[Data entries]
***
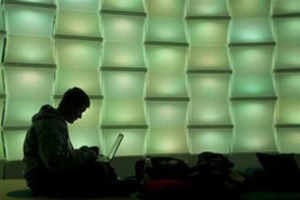 Heavy internet users show symptoms of addiction: Study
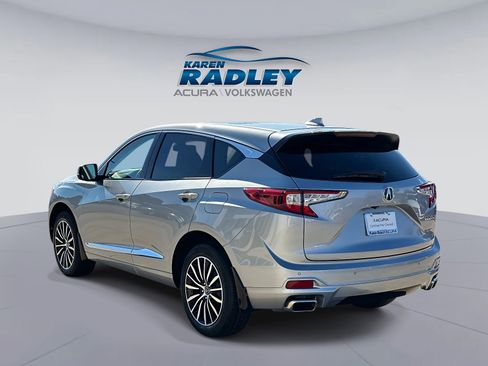 Certified 2025 Acura RDX SH-AWD w/ Advance Package image 4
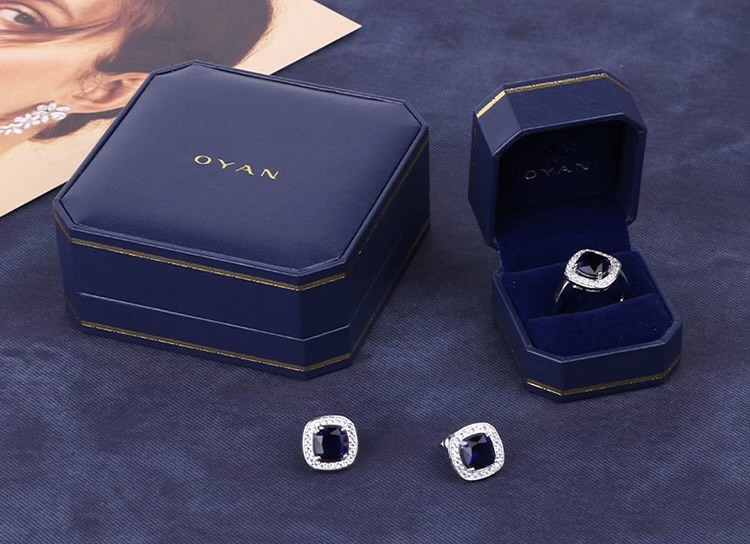 Blue sapphire packaging for jewelry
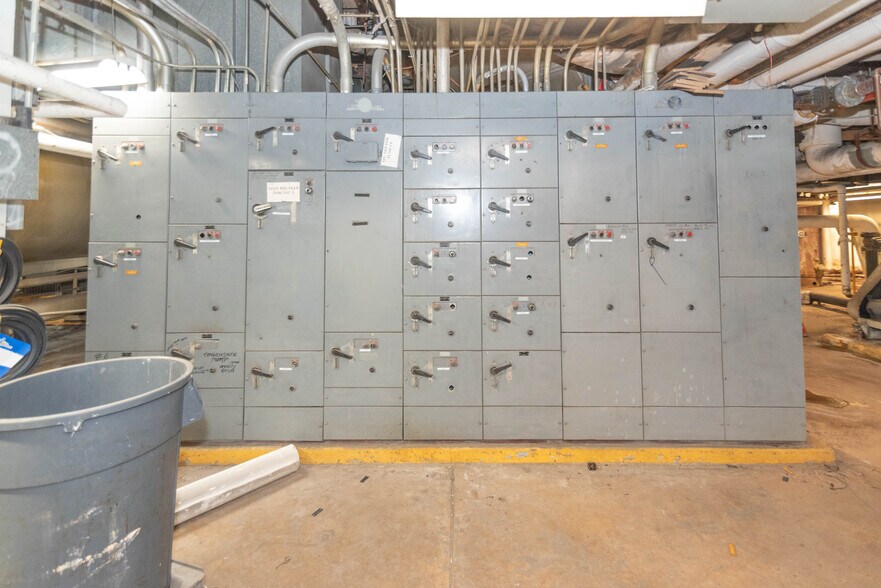 More Photos Of 101 W Fayette St, Baltimore Apartments For Sale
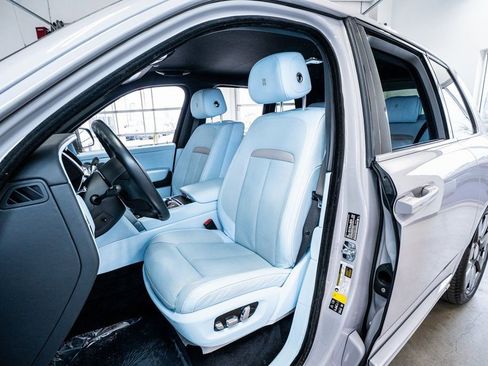 Used 2022 Rolls-Royce Cullinan image 43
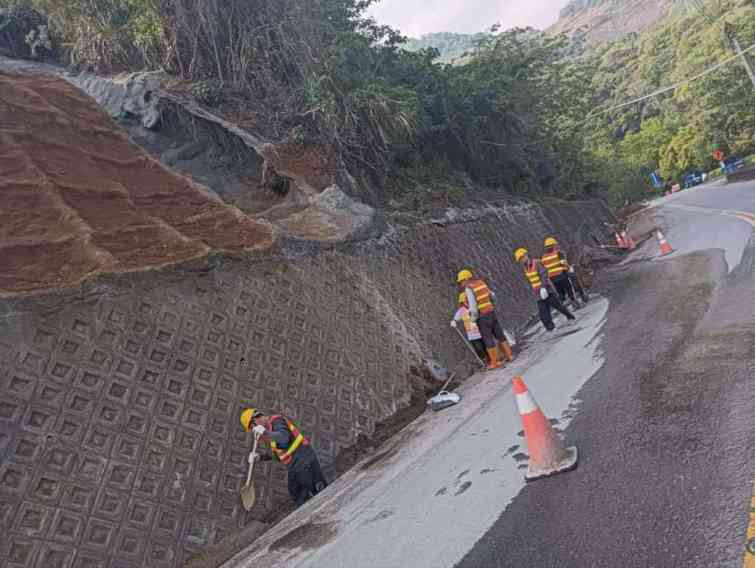 ▲職訓學員第一時間前進坍方路段進行搶修。（中彰投分署提供）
***
* _What is needed_
In the records above, find the line containing "Used 2022 Rolls-Royce Cullinan image 43". Reproduce it and every line after it through the last line, omitting pictures.

* _Answer to the exercise_
 Used 2022 Rolls-Royce Cullinan image 43
 ▲職訓學員第一時間前進坍方路段進行搶修。（中彰投分署提供）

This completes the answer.